Peter Linhuber berichtet als Sozialarbeiter aus der Praxis. Einen “Giant Leap”, also eine große Verbesserung in sozialen Fragen sieht Linhuber im materiellen, wie auch im immateriellen wie dem gesellschaftlichen Zusammenhalt: “In einer gleicheren, besseren Zukunft hätten wir uns, glaube ich, demokratisch auf Grundbedürfnisse geeinigt, und da geht es eben nicht nur um Brot, sondern hoffentlich auch um Rosen. Wobei aus Sicht der Wohnungslosenhilfe sind wir auch bei den materiellen Grundbedürfnissen im reichen Österreich noch nicht so weit dass wir uns entspannt zurücklehnen könnten.”

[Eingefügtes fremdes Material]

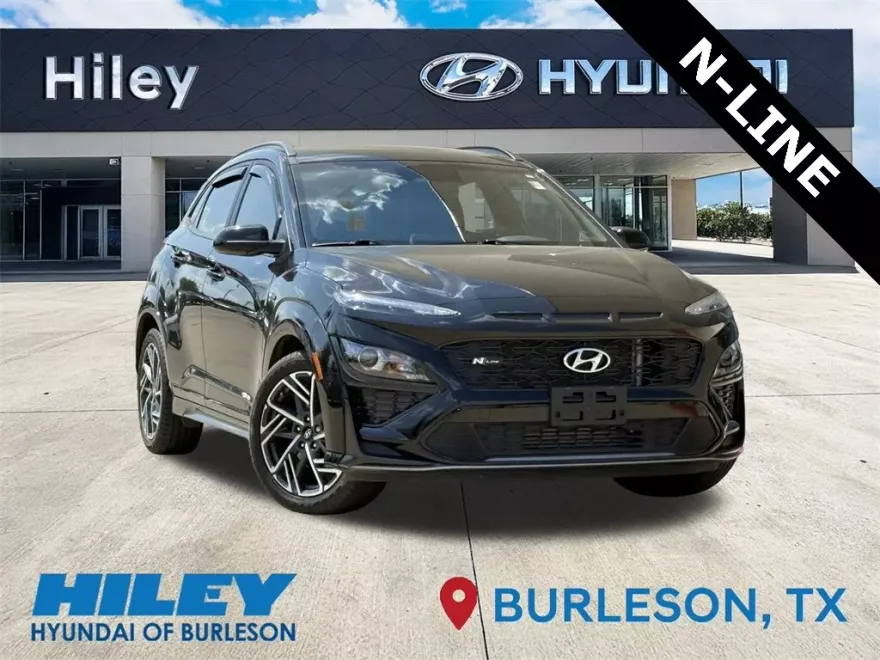 2023 Hyundai Kona N Line photo 1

Georg Reibmayr vom Bundesministerium für Soziales, Gesundheit, Pflege und Konsumentenschutz behandelt die Ungleichheit in Österreich aus der Verwaltungs- und Politikebene. Im Zusammenspiel zwischen sozialer und ökologischer Politik sieht er einige Zielkonflikte. Diese müssten “überwunden werden”. Er stellt fest, dass es nicht nur global eine eine Klimaungleichheit gibt sondern auch innerhalb von Österreich. Unterschiedliche Gruppen seien “auf ganz verschiedenen Ebenen” betroffen von den Folgen des Klimawandels.
Auf Nachfrage aus dem Publikum äußert Andreas Koch Bedenken dass das Grundeinkommen “das kapitalistische System sogar verschärfen“ könnte. “Wenn selbst Uniprofessoren ein bedingungsloses Grundeinkommen bekämen, würde die Umverteilung nicht berücksichtigt.”
Zum Thema Grundeinkommen äußert sich auch Stöckl kritisch: “Wir haben Berechnungen gemacht, ob wir uns ein bedingungsloses Grundeinkommen leisten können. Wir würden jährlich ungefähr das Gleiche ausgeben müssen, wie wir jetzt für Sozial und Gesundheitsausgaben verwenden.” Ausgehend von 1000 Euro pro Kopf und Monat wären das in Österreich rund 110 Milliarden. Dadurch würden aber alle sozialstaatlichen Gesundheitsleistungen ersetzt: “Vom kostenlosen Arztbesuch bis hin zur Pension.” Daher sei sie eine Verfechterin des Sozialstaates in einer ausgebauten Form.
Aus ihrer Sicht gäbe es derzeit kein definiertes Existenzminimum, von dem man wirklich leben könne und auch soziale Teilhabe hätte. In einer umfassenden sozialen Unterstützung gehe es nicht nur um die Anhebung von Regelsätzen, sondern um ein Niveau, auf dem jeder an einem guten gesellschaftlichen Leben teilhaben könne. Solche Leistungen seien aus Stöckl’s Sicht in einem bedingungslosen Grundeinkommen nicht zielgerichtet verteilt. Denn es brauche gleichzeitig Grundleistungen im Bereich der sozialen Infrastruktur, im Bereich Gesundheit, im Bereich Elementarbildung, Bildung, die allen zugutekommen.